I was taught to use a ‘hot’ plug in a cold (low power) engine and a ‘cold’ plug in a hot (high power) engine, confusing as it seems! These names refer to the plug’s ability to transfer heat from its firing end into the cylinder head. A cold running plug transfers heat rapidly from its firing end and is used to avoid overheating where cylinder head temperatures are relatively high. All makes sense until you find manufacturers have codes going in opposite directions! Champion confuses the situation further by having two scales with 53 being cooler than 7:

Unfortunately I didn’t take notes, nor do I recall what I checked when my head was off. I do recall that some different, supposedly correct plugs showed some thread into the combustion chamber - not ideal due to possible hot spots.

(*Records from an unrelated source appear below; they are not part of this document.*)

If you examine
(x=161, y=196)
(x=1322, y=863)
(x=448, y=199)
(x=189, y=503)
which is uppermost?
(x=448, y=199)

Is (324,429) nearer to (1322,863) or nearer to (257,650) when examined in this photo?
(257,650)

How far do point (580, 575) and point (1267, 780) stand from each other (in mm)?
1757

Also, it is possible to extend an electrode without always increasing the heat range - this is a brand specific manufacture decision. A longer reach effectively advances timing and the current desire to put the plug nearer the center of the chamber. The Jag plug angle and location seems quite poor, which is why I clocked the plugs, even though most engine builders say it’s a waste of time. I did make a “map” of the electrode direction for the future. I know some old engine guys ditched super short electrodes and found some benefit due to even these tiny differenced in flame front travel. That’s the kind of stuff Smokey Yunick and the like would do (the Chevy “44’s” had a real short reach). I do think the threads showing is a bad idea, even if my other ‘ideas’ are bunk.

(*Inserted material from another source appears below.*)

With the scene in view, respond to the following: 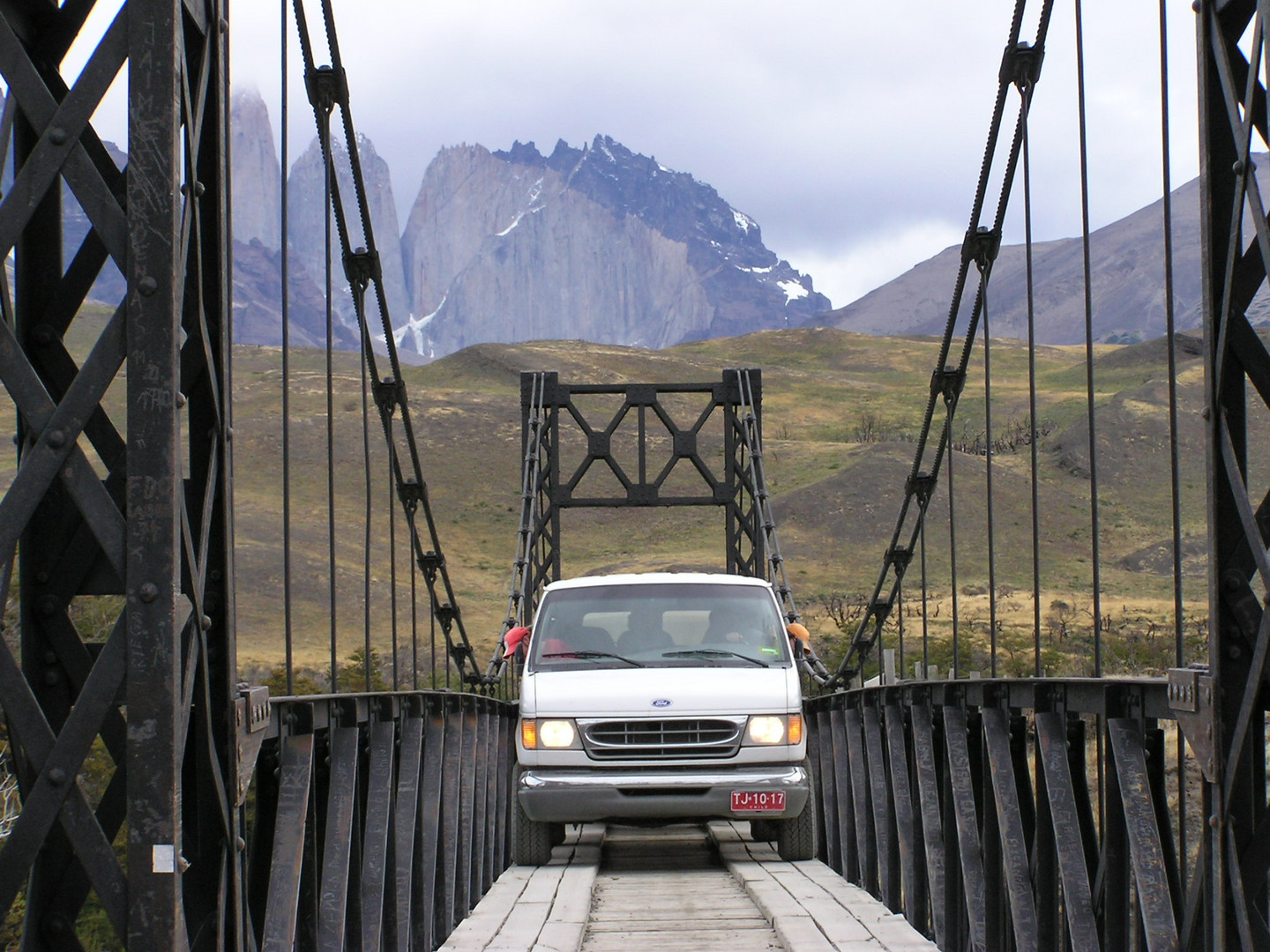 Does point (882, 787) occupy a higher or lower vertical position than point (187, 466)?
lower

On a naturally-aspirated engine…it is! That said, nothing was lost in your efforts.

How does one “clock” plugs? I assume you have a bunch of different thickness washers, or is it trial and error to find the right plug for each cylinder?

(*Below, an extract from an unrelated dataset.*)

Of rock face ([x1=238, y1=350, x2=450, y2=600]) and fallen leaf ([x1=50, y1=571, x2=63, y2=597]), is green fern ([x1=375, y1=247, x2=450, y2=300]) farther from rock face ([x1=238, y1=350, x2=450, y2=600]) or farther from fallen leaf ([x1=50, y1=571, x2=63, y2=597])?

clocking has its advocates…Coil polarity as well…spark should flow from center electrode to the the outer. Some say quite a bit of improvement in this being so, but not noticeable problems if not. Another issue is resistance in the primary wiring, and or in coil to distributor. Resistance in modern extremely high electrical energy modern cars is vey high to protect the sensitive electronics from RF, but his resistance is too high for the XK engine. Plug wires should be quite low resistance, and if no radio, zero resistance or close. Sometimes an error can be made in doubling of the resistance supressors installed. As to the chart above…the Champion 11 or 12 are on the hotter side…and compare to the NGK5, while Champion 9-10 are colder and compare to the NGK6 range. Simply think…if the engine cylinder (not coolant temp) will be running fast and hot…it is like being in a hot room…you want a cold air conditioner to get rid of the heat…ie a cold plug to transfer heat away. Err on the cold side…worst case is it fouls, gets sotty or oil fouled, easy fix. Too hot means too hot…a piston top or valve can burn…actually quite easily, quite quickly…faster than you may think. A drag car can burn thru in seconds.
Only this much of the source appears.